→ **Problem to work on**:
An exact repeat is needed of the lines from the one with "Panefresco 999wt Regular フォント examples" through the last line of the data below. Please omit the pictures.

→ **Exercise materials**:
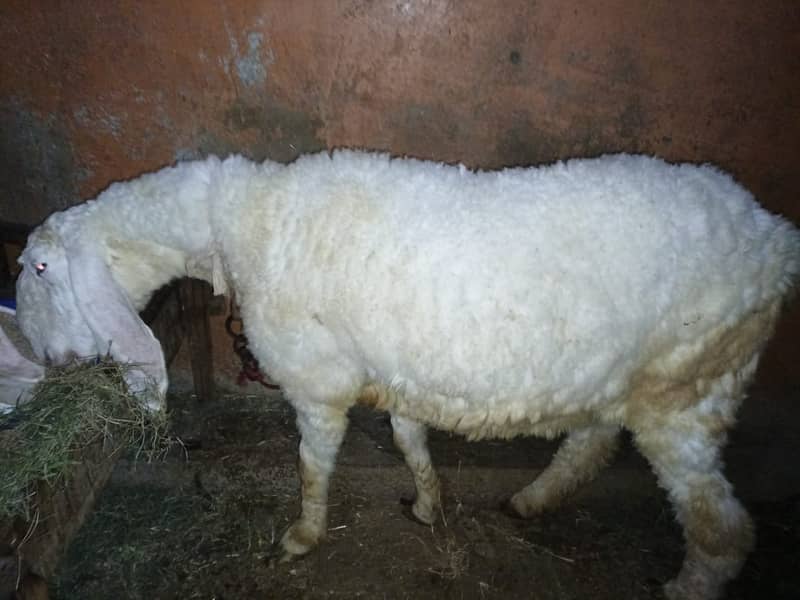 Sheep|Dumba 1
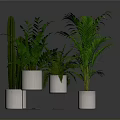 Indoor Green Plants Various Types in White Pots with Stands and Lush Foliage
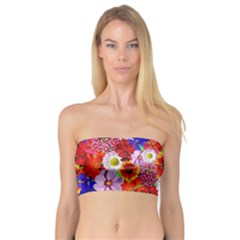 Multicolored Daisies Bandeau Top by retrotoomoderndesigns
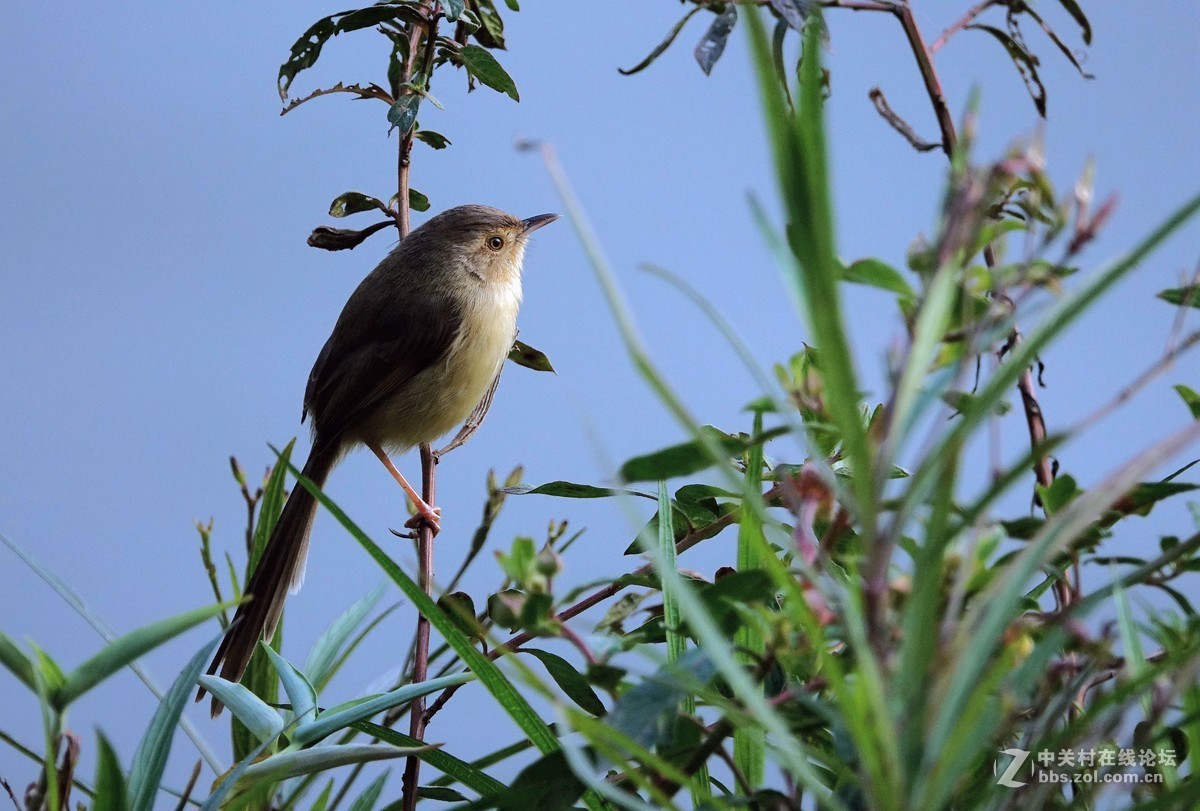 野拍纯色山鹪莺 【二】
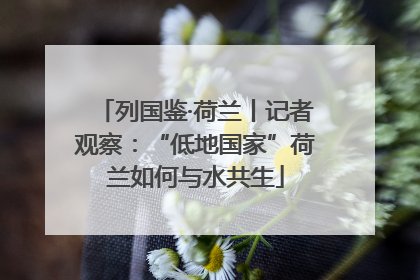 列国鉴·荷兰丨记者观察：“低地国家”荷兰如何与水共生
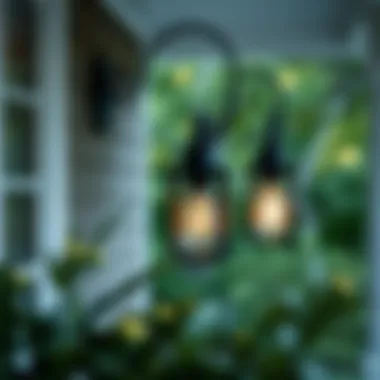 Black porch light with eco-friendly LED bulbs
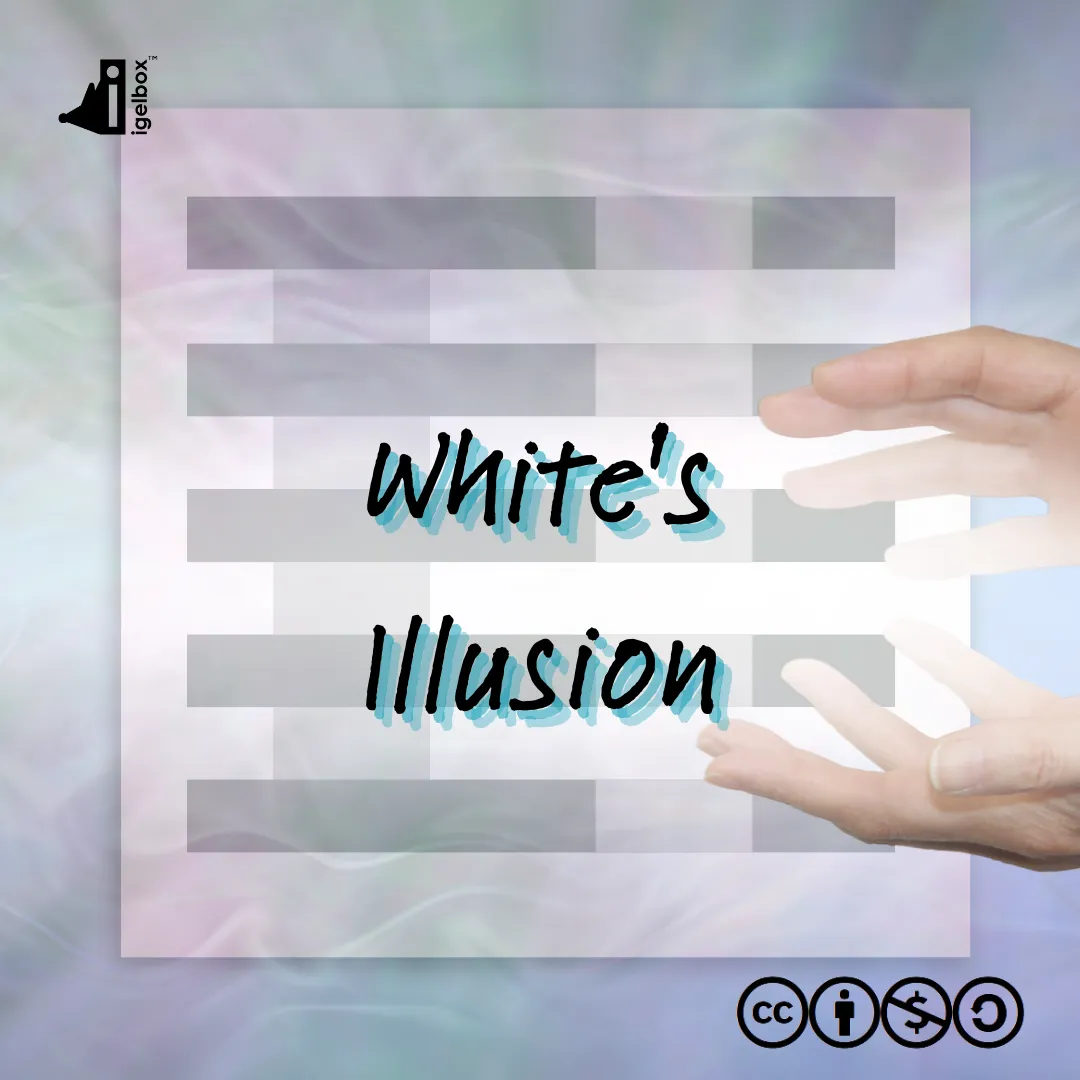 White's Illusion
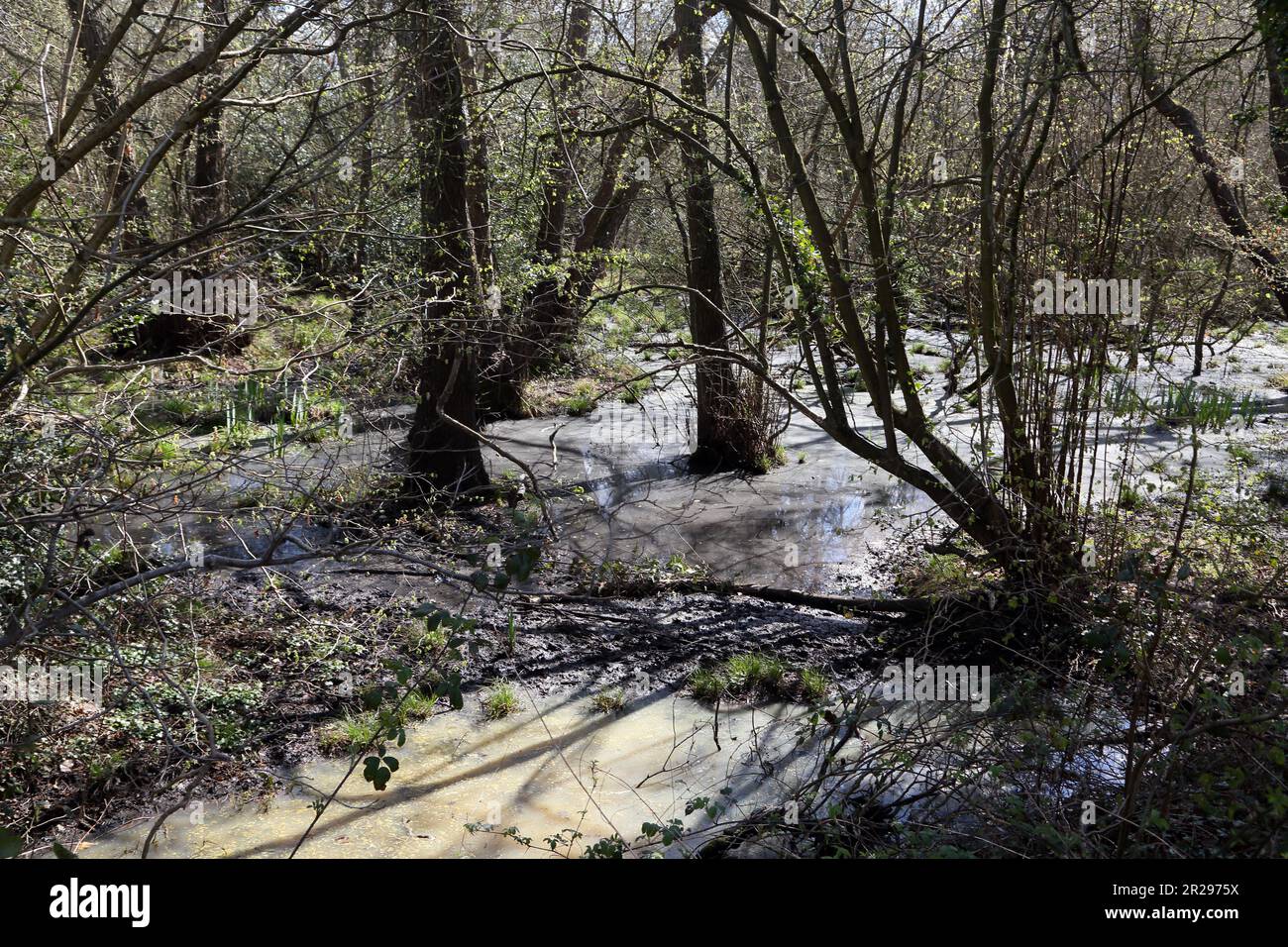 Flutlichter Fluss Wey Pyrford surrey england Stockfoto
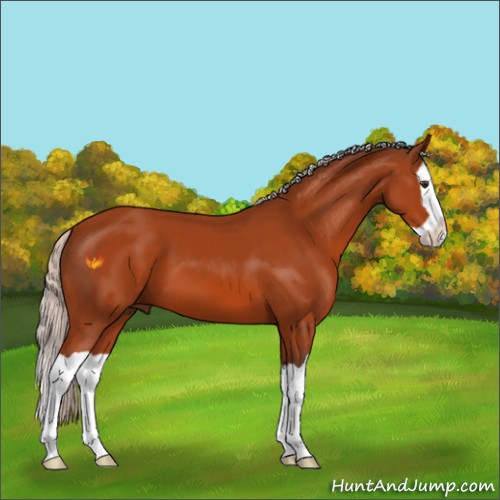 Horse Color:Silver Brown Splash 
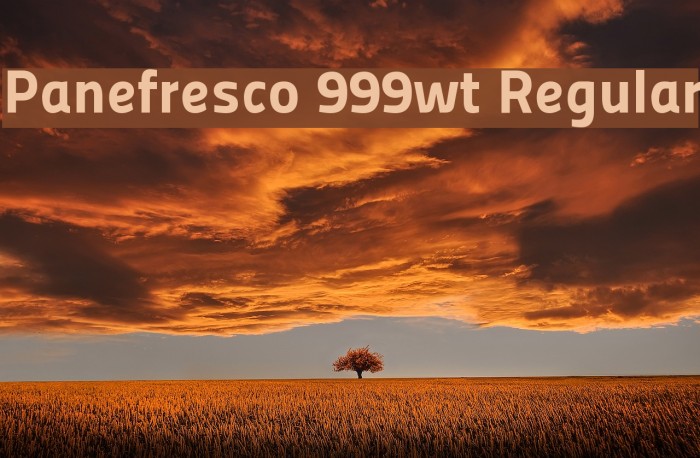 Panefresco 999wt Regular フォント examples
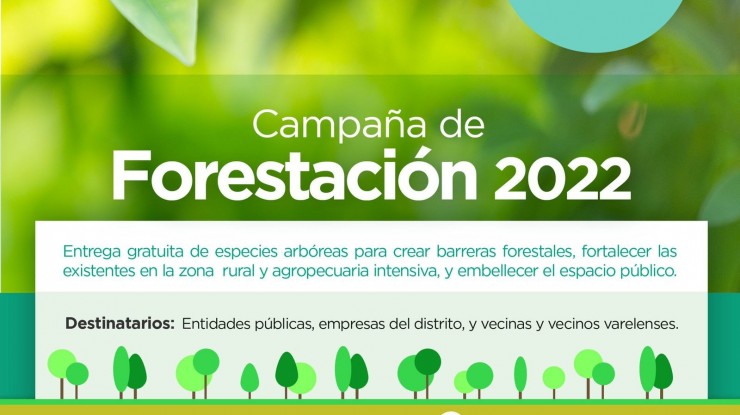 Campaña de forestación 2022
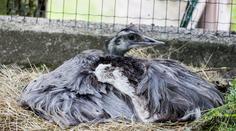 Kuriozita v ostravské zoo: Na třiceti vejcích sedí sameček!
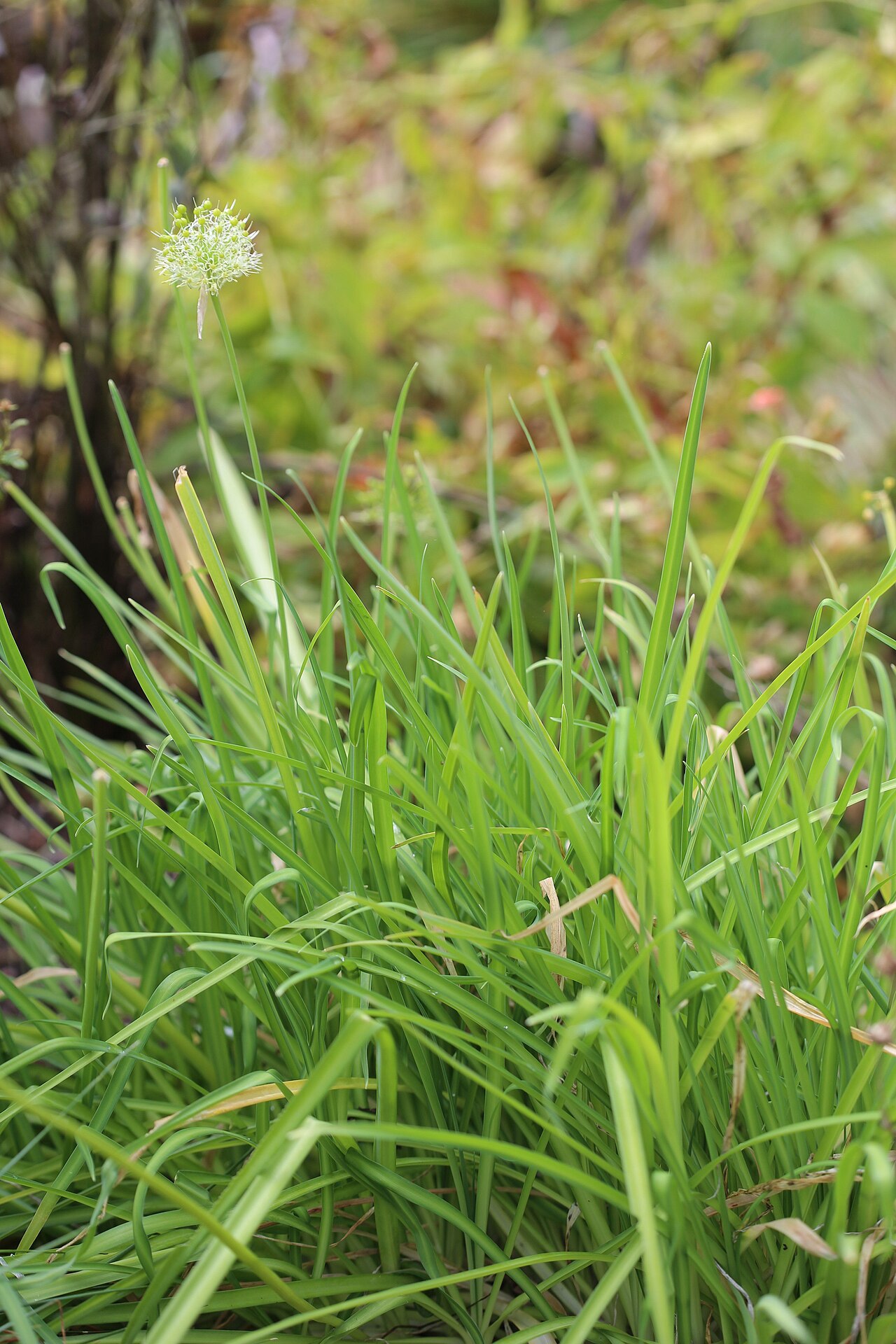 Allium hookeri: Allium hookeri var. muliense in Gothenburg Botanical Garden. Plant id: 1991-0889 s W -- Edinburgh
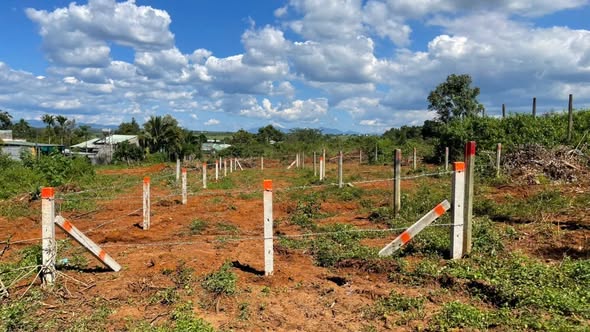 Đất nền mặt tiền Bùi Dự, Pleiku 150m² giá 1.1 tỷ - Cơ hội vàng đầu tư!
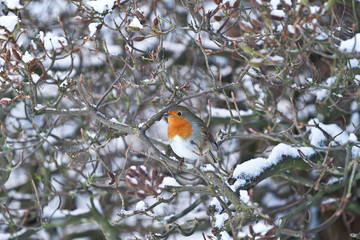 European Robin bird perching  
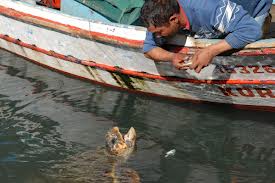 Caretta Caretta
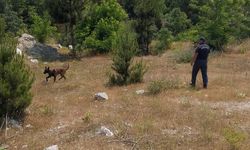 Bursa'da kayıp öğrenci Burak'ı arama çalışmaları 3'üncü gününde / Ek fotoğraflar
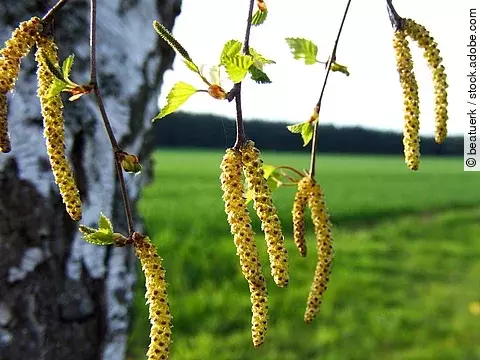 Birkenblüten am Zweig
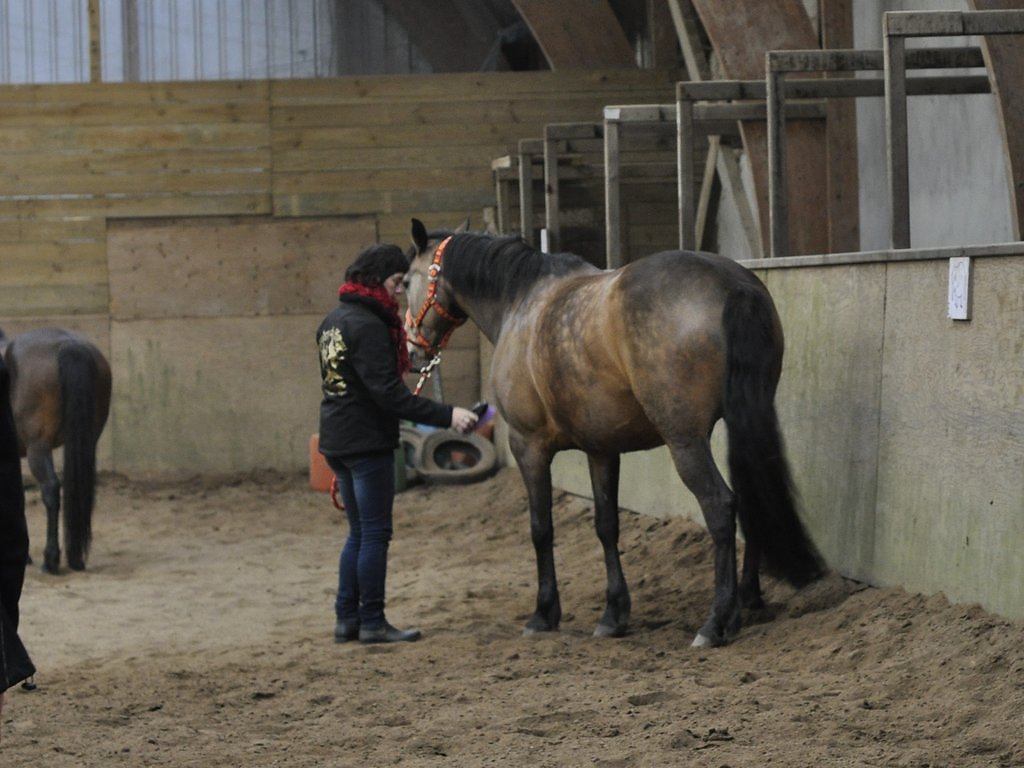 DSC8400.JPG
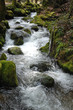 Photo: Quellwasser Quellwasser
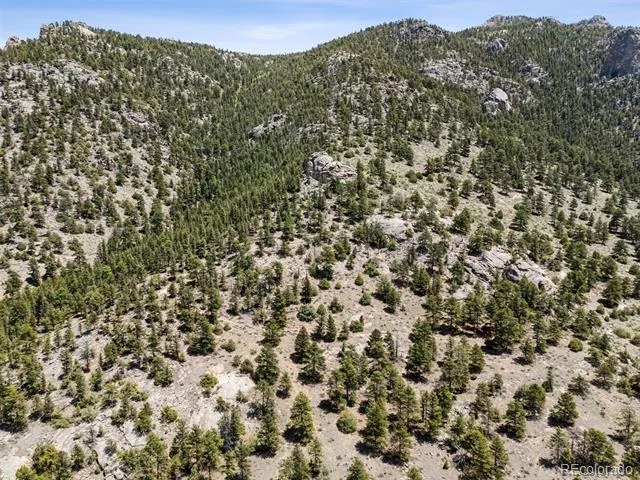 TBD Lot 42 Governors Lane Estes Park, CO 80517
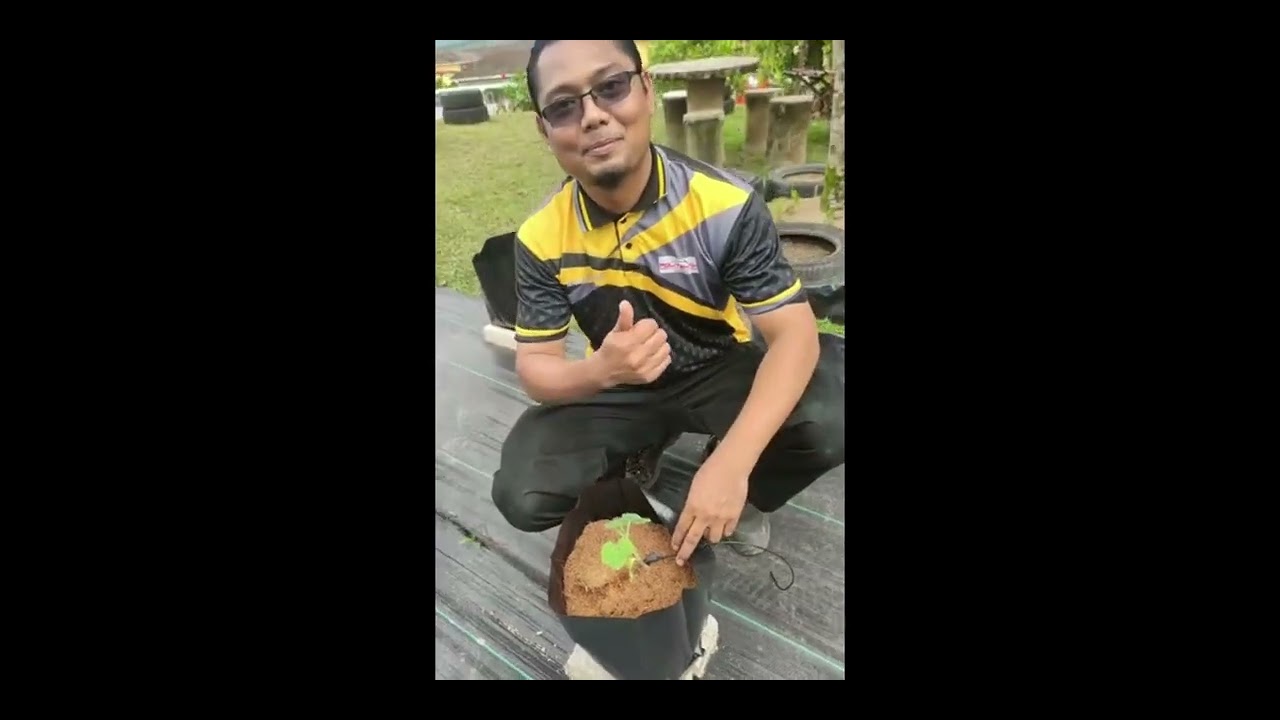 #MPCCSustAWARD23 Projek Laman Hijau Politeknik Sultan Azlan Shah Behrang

→ **Solution to this task**:
 Panefresco 999wt Regular フォント examples
 Campaña de forestación 2022
 Kuriozita v ostravské zoo: Na třiceti vejcích sedí sameček!
 Allium hookeri: Allium hookeri var. muliense in Gothenburg Botanical Garden. Plant id: 1991-0889 s W -- Edinburgh
 Đất nền mặt tiền Bùi Dự, Pleiku 150m² giá 1.1 tỷ - Cơ hội vàng đầu tư!
 European Robin bird perching  
 Caretta Caretta
 Bursa'da kayıp öğrenci Burak'ı arama çalışmaları 3'üncü gününde / Ek fotoğraflar
 Birkenblüten am Zweig
 DSC8400.JPG
 Photo: Quellwasser Quellwasser
 TBD Lot 42 Governors Lane Estes Park, CO 80517
 #MPCCSustAWARD23 Projek Laman Hijau Politeknik Sultan Azlan Shah Behrang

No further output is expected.